[Assignment]: The material below holds pictures; leave them out and reproduce exactly the lines from the one with "une salle de" through the one with "U.S. President Joe", inclusive.

[Data to use]:

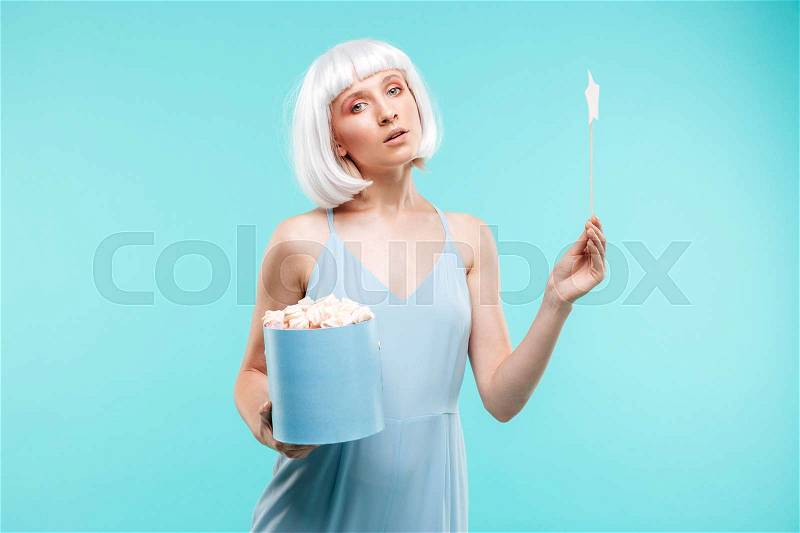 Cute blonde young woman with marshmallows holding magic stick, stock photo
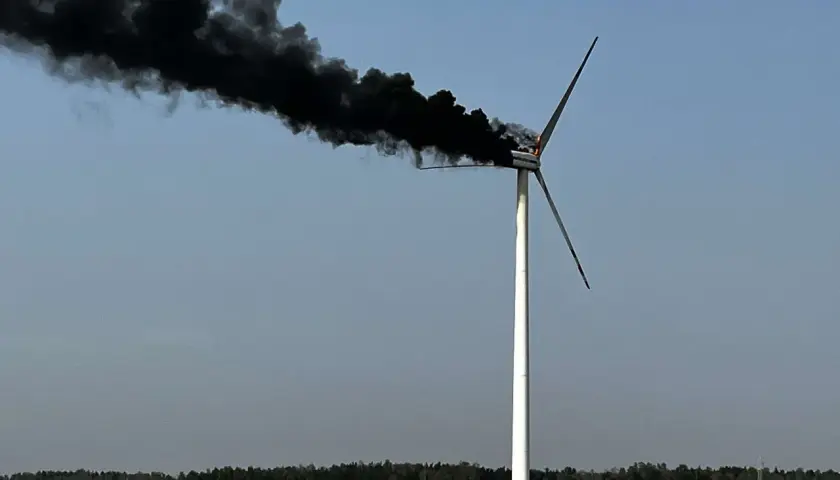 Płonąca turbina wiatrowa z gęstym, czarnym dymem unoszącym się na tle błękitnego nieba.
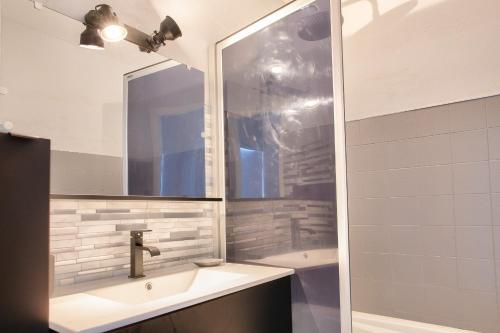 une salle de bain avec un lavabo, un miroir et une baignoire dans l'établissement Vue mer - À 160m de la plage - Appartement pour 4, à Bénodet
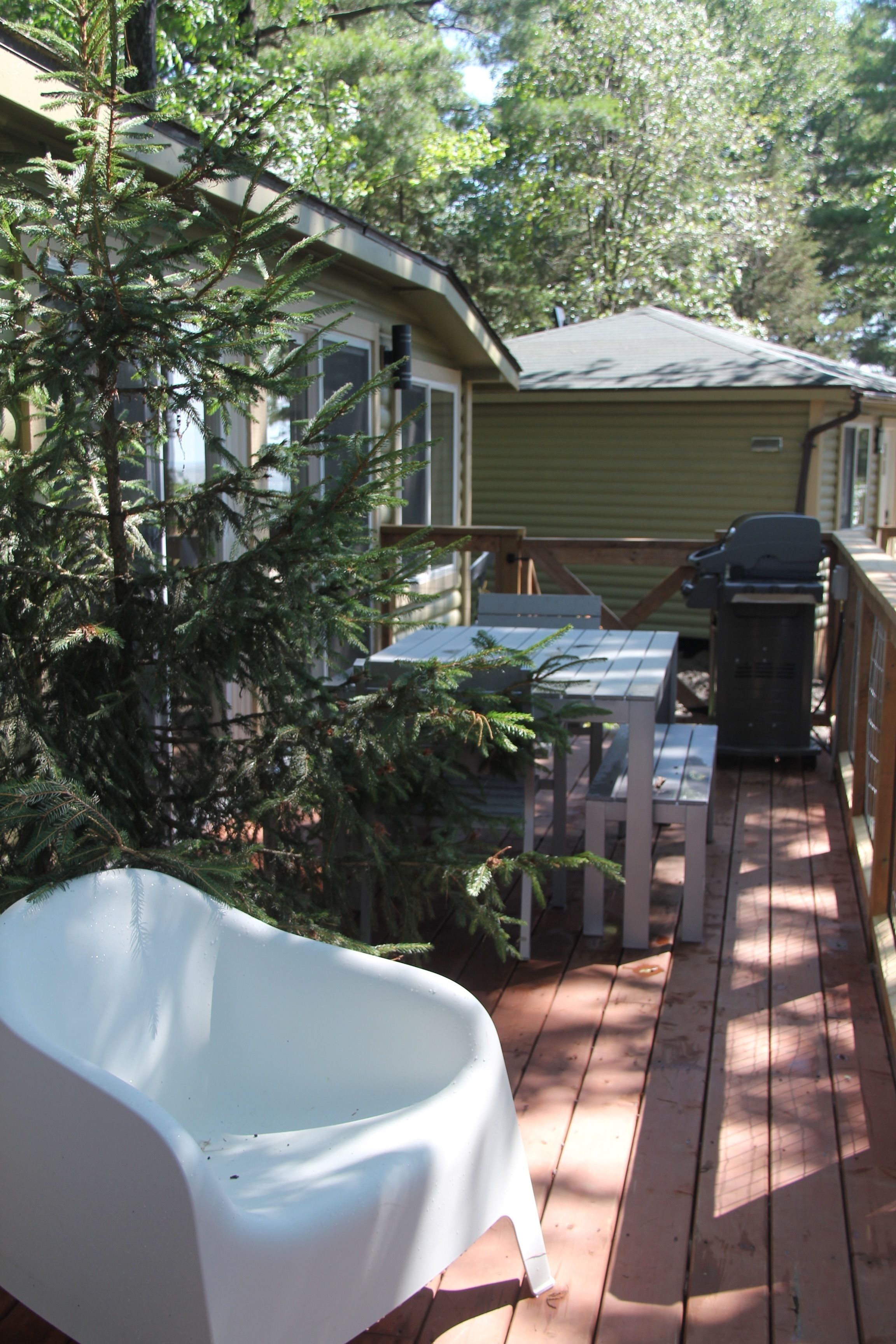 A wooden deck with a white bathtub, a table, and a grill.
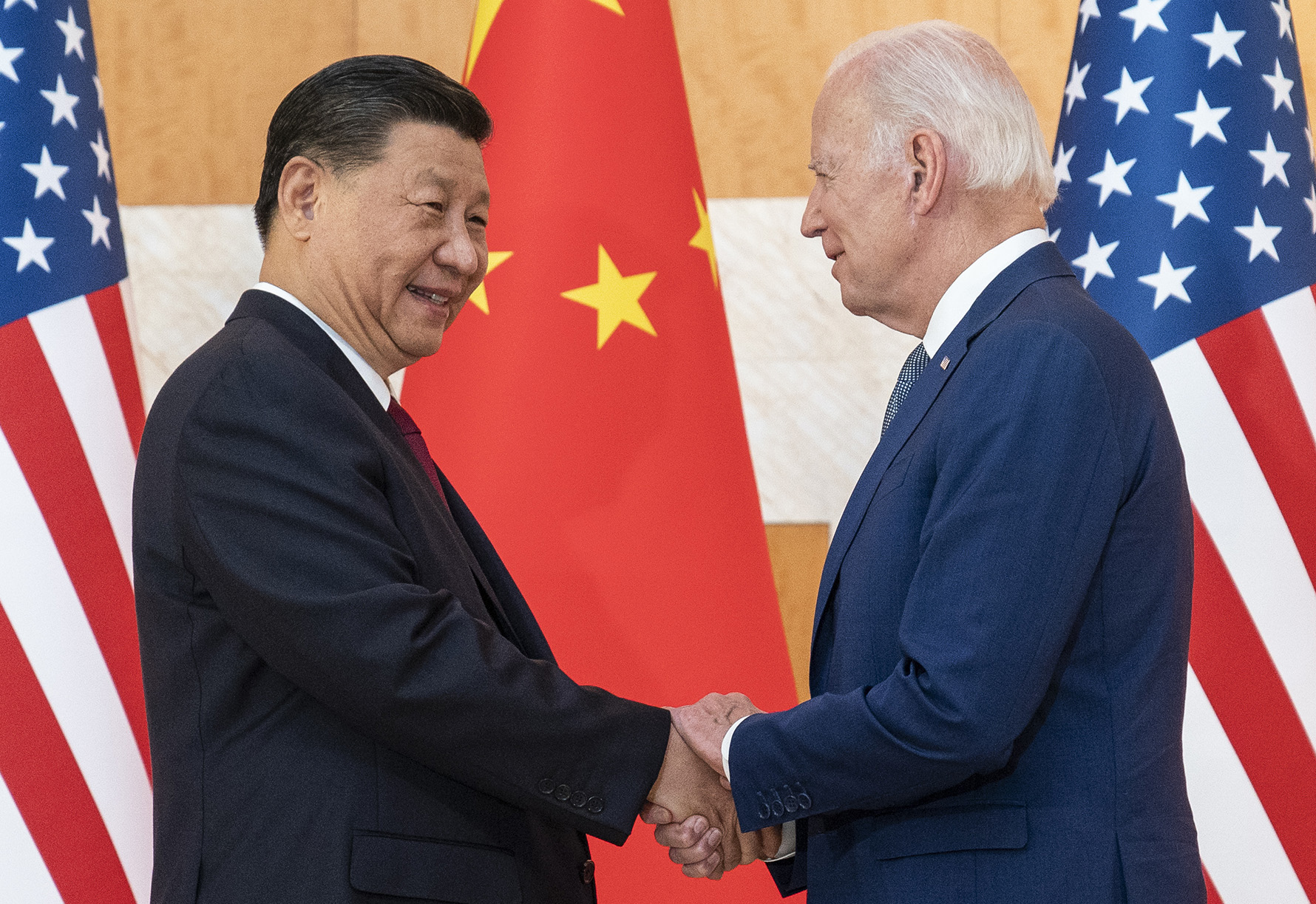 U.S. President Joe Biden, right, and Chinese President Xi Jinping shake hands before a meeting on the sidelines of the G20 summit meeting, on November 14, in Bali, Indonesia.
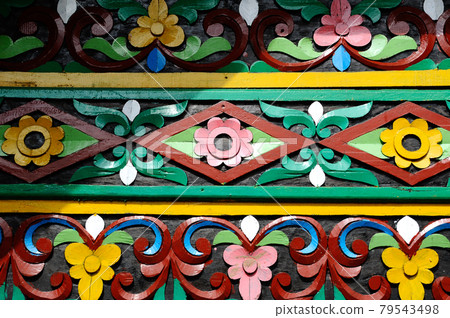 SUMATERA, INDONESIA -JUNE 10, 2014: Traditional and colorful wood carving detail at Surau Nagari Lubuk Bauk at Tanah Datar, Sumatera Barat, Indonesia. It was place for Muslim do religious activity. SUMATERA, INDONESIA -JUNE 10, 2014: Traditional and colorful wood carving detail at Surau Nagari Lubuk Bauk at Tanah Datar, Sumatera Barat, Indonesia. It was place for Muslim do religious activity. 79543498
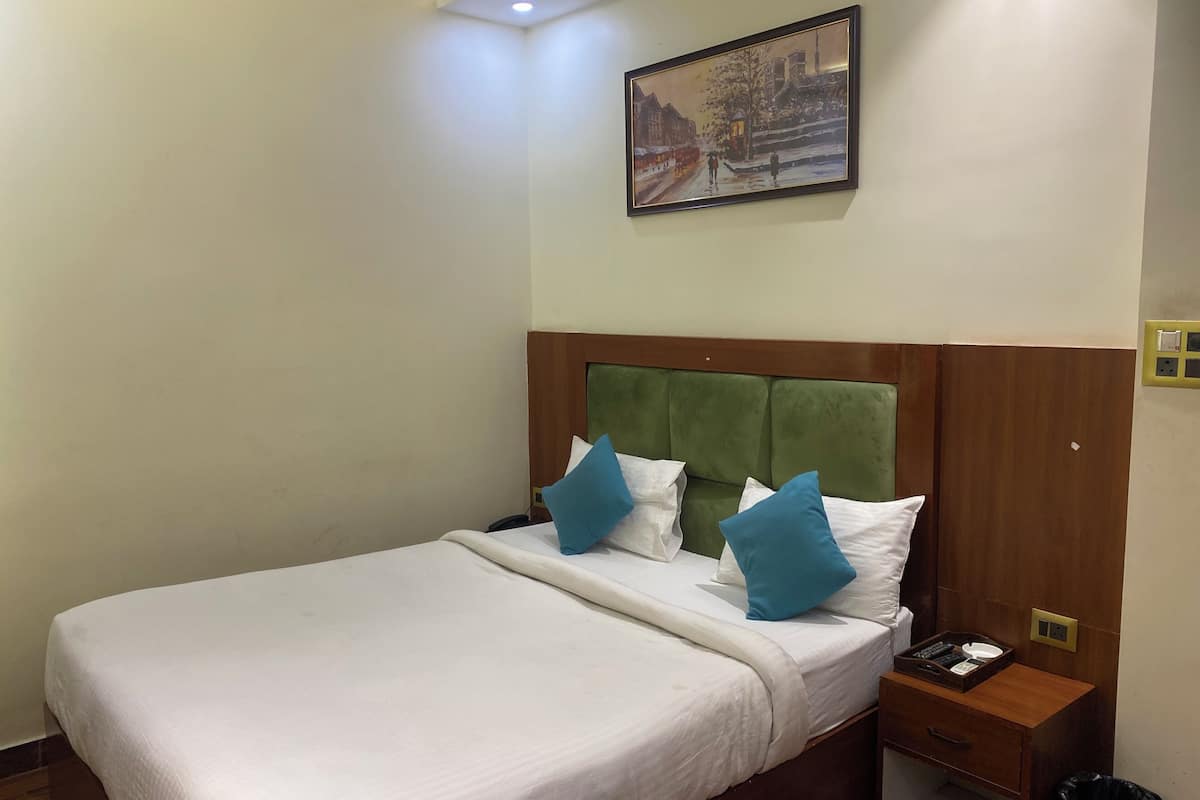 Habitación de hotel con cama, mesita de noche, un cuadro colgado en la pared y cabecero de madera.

[Exercise output]:
 une salle de bain avec un lavabo, un miroir et une baignoire dans l'établissement Vue mer - À 160m de la plage - Appartement pour 4, à Bénodet
 A wooden deck with a white bathtub, a table, and a grill.
 U.S. President Joe Biden, right, and Chinese President Xi Jinping shake hands before a meeting on the sidelines of the G20 summit meeting, on November 14, in Bali, Indonesia.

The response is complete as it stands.